Bolivar’s legacy is being claimed by all and sundry in Latin America and has been for decades, if not centuries. His body was returned to Venezuela from its grave in Colombia to help a president in trouble in 1842 and transferred in 1867 to a suitably impressive pantheon. His legacy remains a subject for debate, appropriated by many and shaped to fit their political needs.
The Chavez government’s biographical pamphlet assesses him thus:
‘Rather than a valuable American historic symbol, he is the citizen who changed the course of our history; he is the Caracas man whose glory is immortalised in each of the main squares of Venezuela and other countries. Whether on horseback, in bust or standing, he looks to the North as a rule, without losing sight of victory; living in the memory of the Bolivarian Republic of Venezuela, the Fifth [Chavez’s] Republic that dignifies the memory and puts into practice the thought of Simon Bolivar, The Liberator.
‘That is why, at this historic moment, the Venezuelan people honour The Liberator, not only by calling themselves Bolivarian, but also by giving continuity to his anti-imperialist struggle for the integration and vindication of the peoples.’
Most of this notion that Bolivar’s ideas are a model for modern political processes is at best insubstantial and at times, frankly, bogus. In a process which seeks a new socialism for the 21st century, Bolivar’s notions of democracy, sovereignty, even equality, are not models or ideas to be put into practice. Even in his anti-imperialism this is questionable. James Dunkerley has pointed out that Bolivar’s hostility to colonial powers is restricted to Spain. His view of Britain’s government and empire is much more generous.

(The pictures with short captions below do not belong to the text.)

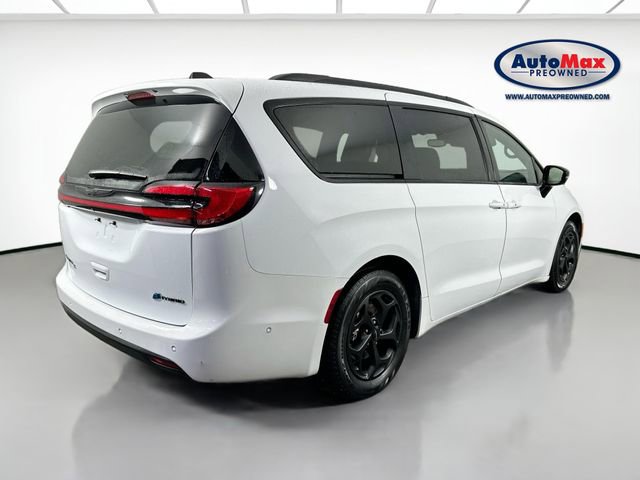 Used 2024 Chrysler Pacifica Premium image 2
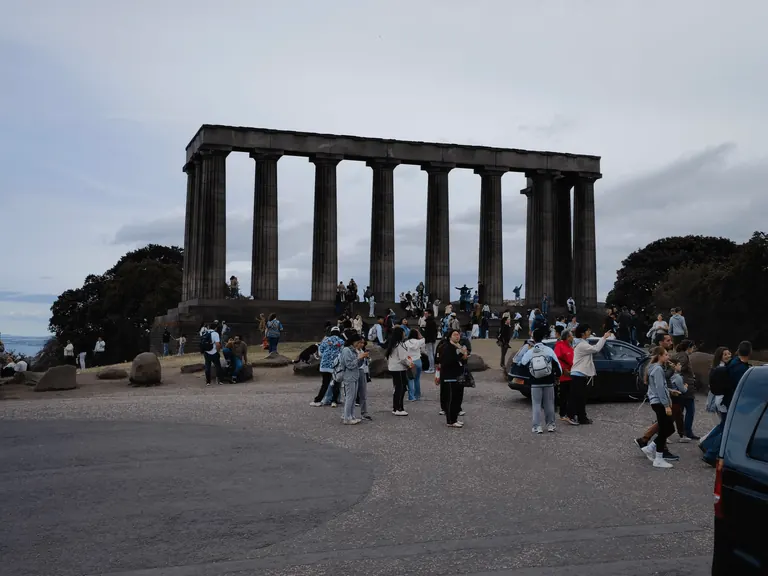 Calton Hill 上未完成的 National Monument 十二根石柱。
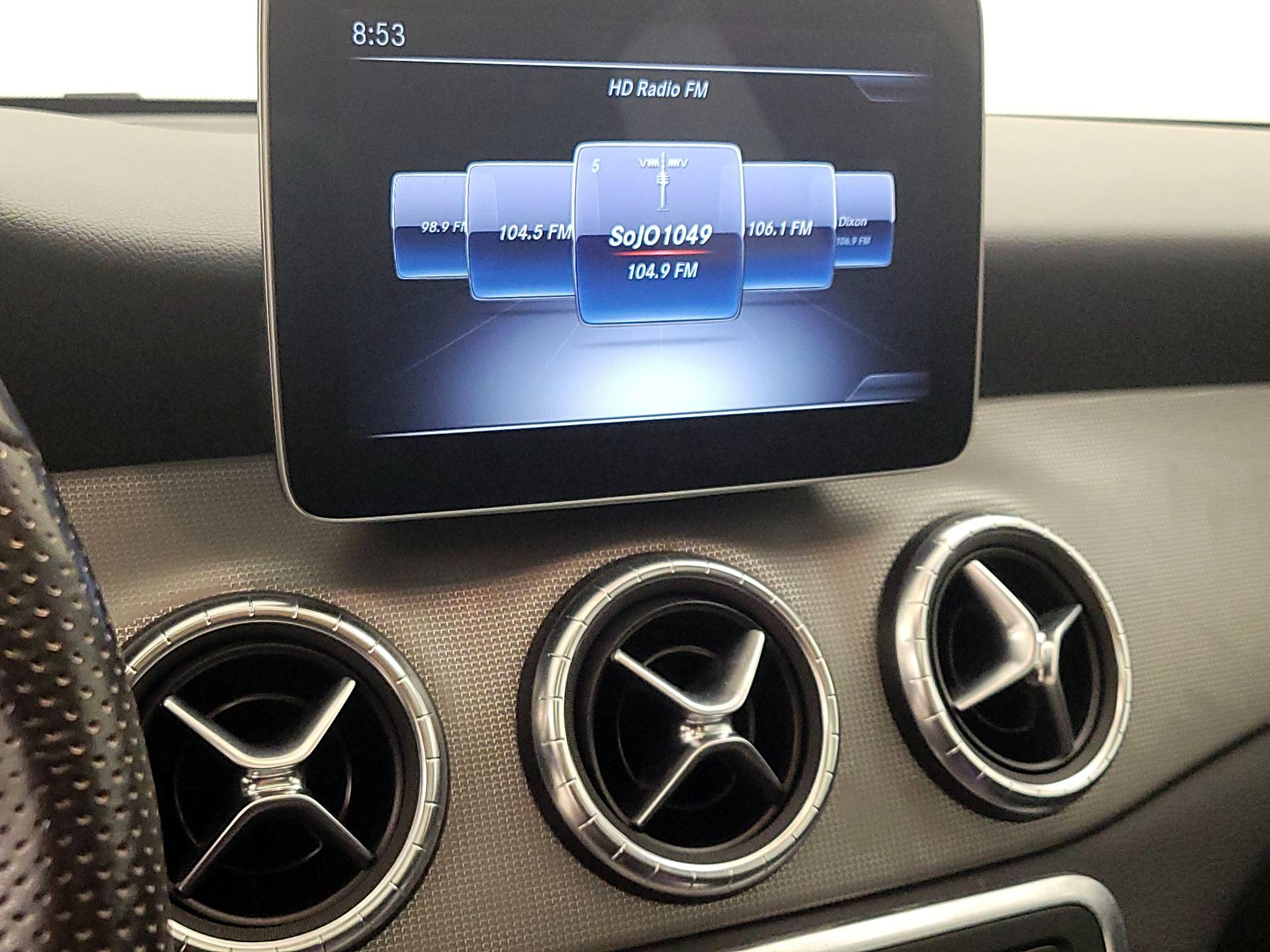 Thumbnail: 2019 Mercedes-Benz CLA - 16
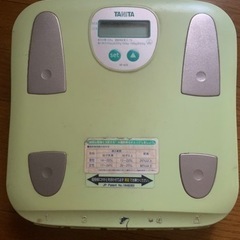 【無料】TANITA 体脂肪計　タニタ　体重計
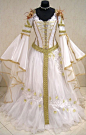 Vintage Medieval Weddings Dresses 中世纪的新娘礼服 （source：astra-star*）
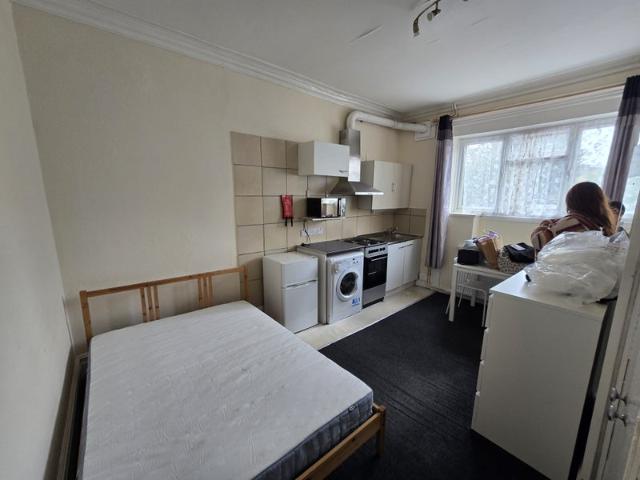 Studio for rent in Hendon, Greater London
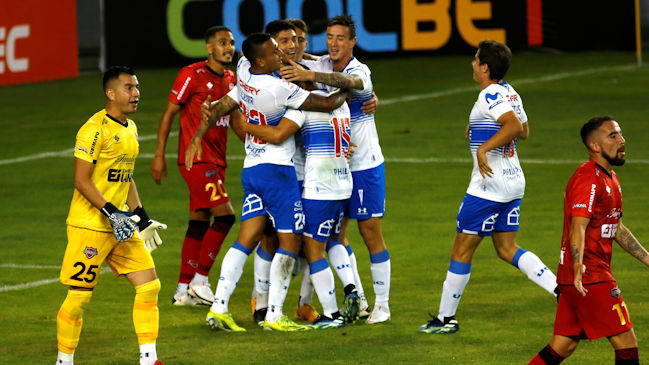 Universidad Católica inició su defensa del título con exigido triunfo sobre Ñublense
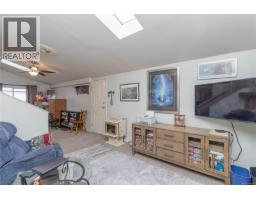1071 Bourban Rd, Mill Bay, BC V0R2P2 Photo 25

There remain, however, two central parts of Bolivar’s dream which are still valid and explain the attraction of his mantle. The first is the vision of unity, common interest and solidarity, which is shared by millions of ordinary Latin Americans. The second is the vision of liberation in which the resources, sovereignty and political mastery of the continent lie firmly in the hands of Latin Americans themselves.